A little more about me: I’ve been running more or less continuously since I was 14, which was 18 years ago (yikes) and competed in cross-country and track in both high school and college (DIII).  I did my first marathon when I was 20 and have done 10 more since, along with countless half marathons and other road races.

At the moment, I’m on a break between training cycles. I can’t handle big mileage in the southern summer heat, so I’ve been limiting running to 20-25 MPW and focusing on improving my strength and body composition (via boot camp, weightlifting, and changing my diet a little). As soon as September hits, I’ll be increasing mileage in preparation for the Atlanta Half Marathon (on Thanksgiving) and next spring’s Boston Marathon (assuming a six-minute cushion is good enough to get me in).

In addition to running, I like food and beer and wine and blog about those things regularly. (Well…a little less regularly now that I’m not running as much.) I also tell rambly illustrated stories (case in point, above). And sometimes I just write about whatever is going on in my life. Writing is what I do, and I hope to someday do with enough quantity and quality to call it a career. (Although, for me, blogging is just a fun outlet…I don’t make any money for this crap. Obviously.)

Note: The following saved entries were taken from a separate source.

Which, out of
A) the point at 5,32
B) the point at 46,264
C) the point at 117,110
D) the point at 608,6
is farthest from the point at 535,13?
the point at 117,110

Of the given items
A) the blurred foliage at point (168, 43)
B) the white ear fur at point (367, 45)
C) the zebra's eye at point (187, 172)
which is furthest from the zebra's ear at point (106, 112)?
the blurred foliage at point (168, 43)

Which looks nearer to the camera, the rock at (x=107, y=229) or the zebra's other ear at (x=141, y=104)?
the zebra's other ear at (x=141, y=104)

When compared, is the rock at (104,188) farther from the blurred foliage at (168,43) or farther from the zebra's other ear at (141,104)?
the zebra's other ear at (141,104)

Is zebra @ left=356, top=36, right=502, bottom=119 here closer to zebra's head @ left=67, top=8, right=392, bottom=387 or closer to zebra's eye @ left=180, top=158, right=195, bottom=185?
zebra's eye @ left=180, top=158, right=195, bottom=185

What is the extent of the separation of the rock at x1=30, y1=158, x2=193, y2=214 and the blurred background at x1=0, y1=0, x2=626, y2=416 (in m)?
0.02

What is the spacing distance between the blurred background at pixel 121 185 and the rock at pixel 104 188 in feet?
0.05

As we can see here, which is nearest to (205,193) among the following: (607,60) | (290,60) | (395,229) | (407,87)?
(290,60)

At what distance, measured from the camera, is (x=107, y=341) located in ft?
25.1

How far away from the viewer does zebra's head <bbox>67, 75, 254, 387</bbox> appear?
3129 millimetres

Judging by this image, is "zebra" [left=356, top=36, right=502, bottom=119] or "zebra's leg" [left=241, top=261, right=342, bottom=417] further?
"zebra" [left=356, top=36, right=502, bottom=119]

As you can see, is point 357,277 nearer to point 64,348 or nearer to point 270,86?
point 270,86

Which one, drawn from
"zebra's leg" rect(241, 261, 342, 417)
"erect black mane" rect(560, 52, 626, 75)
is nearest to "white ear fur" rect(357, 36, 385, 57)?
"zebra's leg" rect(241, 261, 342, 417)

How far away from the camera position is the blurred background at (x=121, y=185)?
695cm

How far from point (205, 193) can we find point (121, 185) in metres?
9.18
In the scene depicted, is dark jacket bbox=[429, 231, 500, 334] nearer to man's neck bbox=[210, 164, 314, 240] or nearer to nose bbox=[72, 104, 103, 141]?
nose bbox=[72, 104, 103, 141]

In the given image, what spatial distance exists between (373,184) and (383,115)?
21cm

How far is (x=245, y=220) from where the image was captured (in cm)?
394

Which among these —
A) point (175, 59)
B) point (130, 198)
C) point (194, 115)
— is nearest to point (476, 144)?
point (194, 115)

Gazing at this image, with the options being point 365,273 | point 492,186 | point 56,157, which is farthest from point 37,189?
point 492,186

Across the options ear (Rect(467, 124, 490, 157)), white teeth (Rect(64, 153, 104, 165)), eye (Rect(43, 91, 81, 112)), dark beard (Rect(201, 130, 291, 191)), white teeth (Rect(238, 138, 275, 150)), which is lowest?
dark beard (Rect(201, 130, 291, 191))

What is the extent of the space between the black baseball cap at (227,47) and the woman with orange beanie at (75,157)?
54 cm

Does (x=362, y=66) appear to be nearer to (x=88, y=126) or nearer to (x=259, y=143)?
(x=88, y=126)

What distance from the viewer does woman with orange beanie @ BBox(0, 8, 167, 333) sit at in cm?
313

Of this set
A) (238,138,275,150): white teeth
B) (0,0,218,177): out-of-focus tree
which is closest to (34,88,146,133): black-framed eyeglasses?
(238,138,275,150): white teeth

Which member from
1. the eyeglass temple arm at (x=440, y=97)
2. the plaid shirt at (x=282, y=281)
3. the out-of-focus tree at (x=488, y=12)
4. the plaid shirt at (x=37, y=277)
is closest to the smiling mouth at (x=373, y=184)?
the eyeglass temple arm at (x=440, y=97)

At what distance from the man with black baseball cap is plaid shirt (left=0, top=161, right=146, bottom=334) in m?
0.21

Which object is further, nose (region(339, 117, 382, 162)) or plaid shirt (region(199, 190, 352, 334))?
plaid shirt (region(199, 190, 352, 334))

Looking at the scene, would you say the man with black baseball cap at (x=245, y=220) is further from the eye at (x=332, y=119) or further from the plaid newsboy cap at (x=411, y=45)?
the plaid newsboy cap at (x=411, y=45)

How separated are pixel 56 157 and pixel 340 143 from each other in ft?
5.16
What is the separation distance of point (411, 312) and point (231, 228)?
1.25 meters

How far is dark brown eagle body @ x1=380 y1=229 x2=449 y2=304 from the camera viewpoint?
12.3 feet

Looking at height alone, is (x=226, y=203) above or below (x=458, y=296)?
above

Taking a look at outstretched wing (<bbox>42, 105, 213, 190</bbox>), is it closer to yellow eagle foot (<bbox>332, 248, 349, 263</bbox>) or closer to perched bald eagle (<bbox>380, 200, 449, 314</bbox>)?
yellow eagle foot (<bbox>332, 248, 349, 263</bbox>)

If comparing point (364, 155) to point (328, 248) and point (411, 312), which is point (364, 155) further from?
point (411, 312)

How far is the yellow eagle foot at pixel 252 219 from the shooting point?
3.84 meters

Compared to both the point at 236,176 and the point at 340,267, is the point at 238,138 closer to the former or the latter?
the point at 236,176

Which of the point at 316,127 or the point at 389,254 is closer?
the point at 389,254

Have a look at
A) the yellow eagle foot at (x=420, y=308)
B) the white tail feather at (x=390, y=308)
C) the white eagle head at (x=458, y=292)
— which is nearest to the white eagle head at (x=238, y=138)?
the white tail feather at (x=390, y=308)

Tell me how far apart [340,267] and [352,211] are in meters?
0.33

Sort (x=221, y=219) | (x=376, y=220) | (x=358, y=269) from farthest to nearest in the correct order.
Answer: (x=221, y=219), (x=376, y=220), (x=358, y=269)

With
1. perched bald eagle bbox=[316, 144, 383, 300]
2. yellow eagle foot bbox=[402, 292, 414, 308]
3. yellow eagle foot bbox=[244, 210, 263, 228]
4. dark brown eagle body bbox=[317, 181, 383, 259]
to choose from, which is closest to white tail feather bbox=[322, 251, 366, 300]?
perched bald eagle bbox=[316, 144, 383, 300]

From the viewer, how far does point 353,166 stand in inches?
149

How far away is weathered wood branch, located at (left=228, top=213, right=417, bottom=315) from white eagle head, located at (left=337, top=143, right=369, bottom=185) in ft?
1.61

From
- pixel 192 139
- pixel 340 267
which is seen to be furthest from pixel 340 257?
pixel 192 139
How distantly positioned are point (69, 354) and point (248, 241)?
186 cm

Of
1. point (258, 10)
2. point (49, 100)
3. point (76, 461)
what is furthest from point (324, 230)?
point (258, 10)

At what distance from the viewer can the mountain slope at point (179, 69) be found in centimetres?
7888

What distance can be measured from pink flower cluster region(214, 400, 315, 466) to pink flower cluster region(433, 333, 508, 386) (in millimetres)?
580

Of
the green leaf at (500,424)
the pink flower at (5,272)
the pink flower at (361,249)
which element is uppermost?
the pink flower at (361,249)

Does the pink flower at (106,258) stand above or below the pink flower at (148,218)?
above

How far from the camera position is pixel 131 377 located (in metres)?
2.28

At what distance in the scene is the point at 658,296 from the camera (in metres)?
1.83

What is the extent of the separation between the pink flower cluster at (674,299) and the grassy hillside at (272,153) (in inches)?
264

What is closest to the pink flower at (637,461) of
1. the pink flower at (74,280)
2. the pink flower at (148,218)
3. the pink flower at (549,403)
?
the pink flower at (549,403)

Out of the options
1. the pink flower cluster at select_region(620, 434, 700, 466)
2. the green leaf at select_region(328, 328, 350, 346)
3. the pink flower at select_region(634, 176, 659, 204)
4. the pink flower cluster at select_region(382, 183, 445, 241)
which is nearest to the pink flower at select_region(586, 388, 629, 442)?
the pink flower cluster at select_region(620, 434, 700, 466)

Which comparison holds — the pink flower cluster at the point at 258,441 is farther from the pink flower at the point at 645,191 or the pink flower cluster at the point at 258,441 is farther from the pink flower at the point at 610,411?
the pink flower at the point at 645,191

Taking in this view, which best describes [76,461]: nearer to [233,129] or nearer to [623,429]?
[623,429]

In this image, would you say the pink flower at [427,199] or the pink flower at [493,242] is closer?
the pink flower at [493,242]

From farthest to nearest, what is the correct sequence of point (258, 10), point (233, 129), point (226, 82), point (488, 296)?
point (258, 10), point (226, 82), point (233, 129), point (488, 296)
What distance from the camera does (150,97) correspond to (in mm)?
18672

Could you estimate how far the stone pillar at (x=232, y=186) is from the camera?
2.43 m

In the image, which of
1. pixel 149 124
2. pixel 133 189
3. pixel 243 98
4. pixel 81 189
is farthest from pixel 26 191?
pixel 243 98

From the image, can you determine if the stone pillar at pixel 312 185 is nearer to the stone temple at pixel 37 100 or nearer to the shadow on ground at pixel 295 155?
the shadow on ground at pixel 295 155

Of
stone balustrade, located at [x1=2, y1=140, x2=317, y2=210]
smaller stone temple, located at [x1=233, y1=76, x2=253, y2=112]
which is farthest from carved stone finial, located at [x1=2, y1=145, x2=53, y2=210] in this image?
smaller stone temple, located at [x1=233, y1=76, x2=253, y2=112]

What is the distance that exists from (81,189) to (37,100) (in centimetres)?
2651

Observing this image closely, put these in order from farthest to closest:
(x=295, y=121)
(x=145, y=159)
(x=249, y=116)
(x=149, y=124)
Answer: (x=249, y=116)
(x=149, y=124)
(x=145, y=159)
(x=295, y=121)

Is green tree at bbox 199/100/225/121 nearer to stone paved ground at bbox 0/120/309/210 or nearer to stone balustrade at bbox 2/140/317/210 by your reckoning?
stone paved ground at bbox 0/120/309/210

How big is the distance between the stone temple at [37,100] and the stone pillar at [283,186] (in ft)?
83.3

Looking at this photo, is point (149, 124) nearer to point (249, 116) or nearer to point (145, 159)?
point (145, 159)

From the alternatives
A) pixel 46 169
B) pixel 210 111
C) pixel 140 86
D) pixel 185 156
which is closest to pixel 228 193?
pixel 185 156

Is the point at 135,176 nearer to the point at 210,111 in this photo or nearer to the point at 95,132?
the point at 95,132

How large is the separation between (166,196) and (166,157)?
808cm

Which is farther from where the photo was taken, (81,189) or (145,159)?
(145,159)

Here is an obligatory photo, since the one at the top of the page is kinda old:

The beer definitely wins this photo. Yum, Arctic Panzer Wolf.

I guess I’d better wrap this up before my three minutes of fame are over.

And to Other Girl, my former troop-mate, whoever you were and whatever you are doing now: I’m sorry for stealing your line. Truly, I am. I hope you’ve gotten a second chance at fame too. You deserve it way more than I do.

Two strong beers and a weak one

Lately, I’ve faced a daily choice of studying GRE math problems or pulling weeds in the (now thoroughly moqsuito-treated) yard. I’ve been opting for the latter…and actually enjoying it. Perhaps I have a future in manual labor. My college professors would be so proud.


Still boot-camping and running around 20-25 miles a week. That doesn’t make for very interesting workout posts, so you can just take my word for it.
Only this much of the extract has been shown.